‘No one remembers to have seen the benches of our churches filled by a people so zealous, resourceful, and eager for instruction. Before the minister has gone into the pulpit, one sees innumerable crowds discussing the Word of God, or listening to the reading of the passage that is to be expounded. The buzzing of the crowd as it arrives is such that one would have said a bishop was to be consecrated.’
The above account of church life in the free imperial city of Strasbourg reflects the impact of the liturgical reforms spearheaded by Diebold Schwarz in 1524. Although Schwarz is a largely forgotten figure today, the course of his evangelical ministry – which ranged from assisting Matthew Zell through to helping the Marian exiles – provided the backbone for the reformation of the city of Strasbourg.
Schwarz was born in Hagenau in 1484/5. His father Hans (a citizen of Strasbourg) was an iron worker who could afford to send Diebold to study at the University of Vienna in 1501, where he entered the Dominican order and proceeded MA in 1508. He became a member of the Hospitallers of the Holy Spirit at Bern in 1516, and was afterwards put in charge of the order in Stefansfeld in 1520. Some years later he returned to Strasbourg, a convinced evangelical, and served as assistant to Matthew Zell at the Cathedral of our Lady. In 1524 he became the pastor to the Strasbourg parish of Old St. Peter and remained in that role for over 25 years – excepting a year with Wolfgang Musculus in Augsburg (1531-2), and a visit to Martin Luther in Wittenburg (1538). In 1554 he became the pastor of the poor parish church of St. Aurelia (where Martin Bucer ministered upon his arrival to Strasbourg), located on the opposite side of the river Ill that encircles the city. The prebendaries of Old St. Peter’s let him a house (called ‘Zum Holderstock’ located on the nearby Weinmarkt) which he generously passed on to Bishop John Ponet, the most senior English reformer among the Marian exiles. He retired of old age in 1558, but this did not put an end to ministerial zeal: he was carried into the pulpit to preach the first sermon of the newly reopened church of Old St. Peter in 1560. The following year he went to be with the Lord.

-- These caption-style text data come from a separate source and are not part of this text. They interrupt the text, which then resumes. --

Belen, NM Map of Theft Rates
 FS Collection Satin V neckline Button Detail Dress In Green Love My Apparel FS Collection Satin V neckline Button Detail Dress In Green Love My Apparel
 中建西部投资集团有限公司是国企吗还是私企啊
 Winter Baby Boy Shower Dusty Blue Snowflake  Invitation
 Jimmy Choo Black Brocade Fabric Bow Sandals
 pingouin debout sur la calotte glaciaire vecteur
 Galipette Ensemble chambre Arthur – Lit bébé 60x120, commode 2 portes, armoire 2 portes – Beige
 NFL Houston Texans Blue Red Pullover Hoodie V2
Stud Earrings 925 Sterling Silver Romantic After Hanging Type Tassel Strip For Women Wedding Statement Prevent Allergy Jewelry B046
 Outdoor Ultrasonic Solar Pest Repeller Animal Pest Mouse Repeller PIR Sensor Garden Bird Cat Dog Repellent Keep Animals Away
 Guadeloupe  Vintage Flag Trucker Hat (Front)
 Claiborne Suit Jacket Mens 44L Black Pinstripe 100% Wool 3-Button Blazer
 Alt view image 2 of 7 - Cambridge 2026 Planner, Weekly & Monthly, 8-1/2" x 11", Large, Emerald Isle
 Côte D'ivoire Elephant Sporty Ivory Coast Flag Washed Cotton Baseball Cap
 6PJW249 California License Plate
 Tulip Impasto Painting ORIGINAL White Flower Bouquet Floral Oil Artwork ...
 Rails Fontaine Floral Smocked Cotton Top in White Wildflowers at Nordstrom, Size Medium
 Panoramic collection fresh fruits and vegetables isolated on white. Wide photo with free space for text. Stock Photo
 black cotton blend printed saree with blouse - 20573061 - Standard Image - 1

However, Schwarz is best remembered for leading the first entirely German mass – earlier than Zwingli or Luther – for the congregation of St. Lawrence in the north transept of Strasbourg Cathedral on 16 February 1524. This German Mass (Deutsche Messe) has been described as ‘much less radical yet essentially more creative than any revision Luther either suggested or achieved.’
(further details of the liturgical reforms will be included the historical introduction to this section, but to get a feel for the changes, here is an account given by an enthusiastic French student who wrote to his friend and patron, the reformist Bishop of Meaux):
‘On the Lord’s day, which is the only day they keep as a festival, . . . they celebrate the Lord’s Supper in this manner: The Table is set well forward, in a place in full view of the church, so that it may be seen by all. They do not call it an altar, in order that they may not be thought to be in any way like those who make a sacrifice out of Christ’s Supper, but the Table does not differ in any way from ordinary altars. To this Table the minister comes, but in such a manner that he faces the people and does not turn his back upon them. . . . Standing at the Table, with his face towards the people, and while the eyes of all the people are upon him, he says first certain brief prayers . . ., and then psalms are sung by all. When this has been done and the minister has prayed again, he goes up to the pulpit and reads the Scripture which he wishes to expound, in such a way that it may be understood by all The sermon finished, he returns to the Table, and the Creed is sung by all. After this, he explains to the people why Christ left us His Supper, . . . then relates the words of Christ as they are written by the Evangelists or Paul. Thereupon, he gives bread and wine to those who wish to come forward (for no one is compelled, but all are bidden), true symbols of the body and blood of Christ, sealed in His death and left by Him to His apostles. While they are communicating and each one receives his portion of the Supper, Kyrie eleison is sung by all, that by this hymn they may render thanks for the benefit received. And communion is so ordered that the minister may partake last, in order that he may consume all that remains. When this is finished, each one returns to his home.’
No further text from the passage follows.